(Brief descriptive captions)
+++++

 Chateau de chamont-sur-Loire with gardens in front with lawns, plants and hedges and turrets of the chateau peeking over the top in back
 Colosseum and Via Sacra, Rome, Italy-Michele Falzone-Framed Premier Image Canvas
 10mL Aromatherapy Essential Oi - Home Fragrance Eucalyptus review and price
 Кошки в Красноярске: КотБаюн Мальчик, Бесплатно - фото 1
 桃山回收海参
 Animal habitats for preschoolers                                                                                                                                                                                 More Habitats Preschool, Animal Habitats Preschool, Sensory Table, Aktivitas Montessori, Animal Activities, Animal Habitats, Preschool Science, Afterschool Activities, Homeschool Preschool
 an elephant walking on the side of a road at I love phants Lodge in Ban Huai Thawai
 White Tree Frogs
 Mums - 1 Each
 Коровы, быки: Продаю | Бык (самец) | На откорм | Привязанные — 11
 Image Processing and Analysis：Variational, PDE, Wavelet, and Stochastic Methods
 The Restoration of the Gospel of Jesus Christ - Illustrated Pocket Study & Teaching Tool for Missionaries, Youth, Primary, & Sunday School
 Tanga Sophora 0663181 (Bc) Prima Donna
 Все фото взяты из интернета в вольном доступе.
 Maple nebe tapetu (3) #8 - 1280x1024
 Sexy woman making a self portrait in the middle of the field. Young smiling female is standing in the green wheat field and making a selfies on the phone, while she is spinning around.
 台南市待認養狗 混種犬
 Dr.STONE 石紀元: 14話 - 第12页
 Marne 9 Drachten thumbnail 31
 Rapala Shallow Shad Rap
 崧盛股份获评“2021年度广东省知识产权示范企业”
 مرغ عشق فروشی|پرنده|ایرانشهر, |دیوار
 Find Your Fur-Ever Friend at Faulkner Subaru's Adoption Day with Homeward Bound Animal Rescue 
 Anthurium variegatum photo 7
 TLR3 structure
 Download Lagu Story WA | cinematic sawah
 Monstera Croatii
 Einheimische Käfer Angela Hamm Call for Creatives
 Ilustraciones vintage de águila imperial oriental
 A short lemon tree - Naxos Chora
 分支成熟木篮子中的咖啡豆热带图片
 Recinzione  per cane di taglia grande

+++++

• **EXERCISE GOAL**
Transcribe the records above exactly, but only from the line that contains "Все фото взяты" through their final line, inclusive.

• **YOUR RESPONSE**
 Все фото взяты из интернета в вольном доступе.
 Maple nebe tapetu (3) #8 - 1280x1024
 Sexy woman making a self portrait in the middle of the field. Young smiling female is standing in the green wheat field and making a selfies on the phone, while she is spinning around.
 台南市待認養狗 混種犬
 Dr.STONE 石紀元: 14話 - 第12页
 Marne 9 Drachten thumbnail 31
 Rapala Shallow Shad Rap
 崧盛股份获评“2021年度广东省知识产权示范企业”
 مرغ عشق فروشی|پرنده|ایرانشهر, |دیوار
 Find Your Fur-Ever Friend at Faulkner Subaru's Adoption Day with Homeward Bound Animal Rescue 
 Anthurium variegatum photo 7
 TLR3 structure
 Download Lagu Story WA | cinematic sawah
 Monstera Croatii
 Einheimische Käfer Angela Hamm Call for Creatives
 Ilustraciones vintage de águila imperial oriental
 A short lemon tree - Naxos Chora
 分支成熟木篮子中的咖啡豆热带图片
 Recinzione  per cane di taglia grande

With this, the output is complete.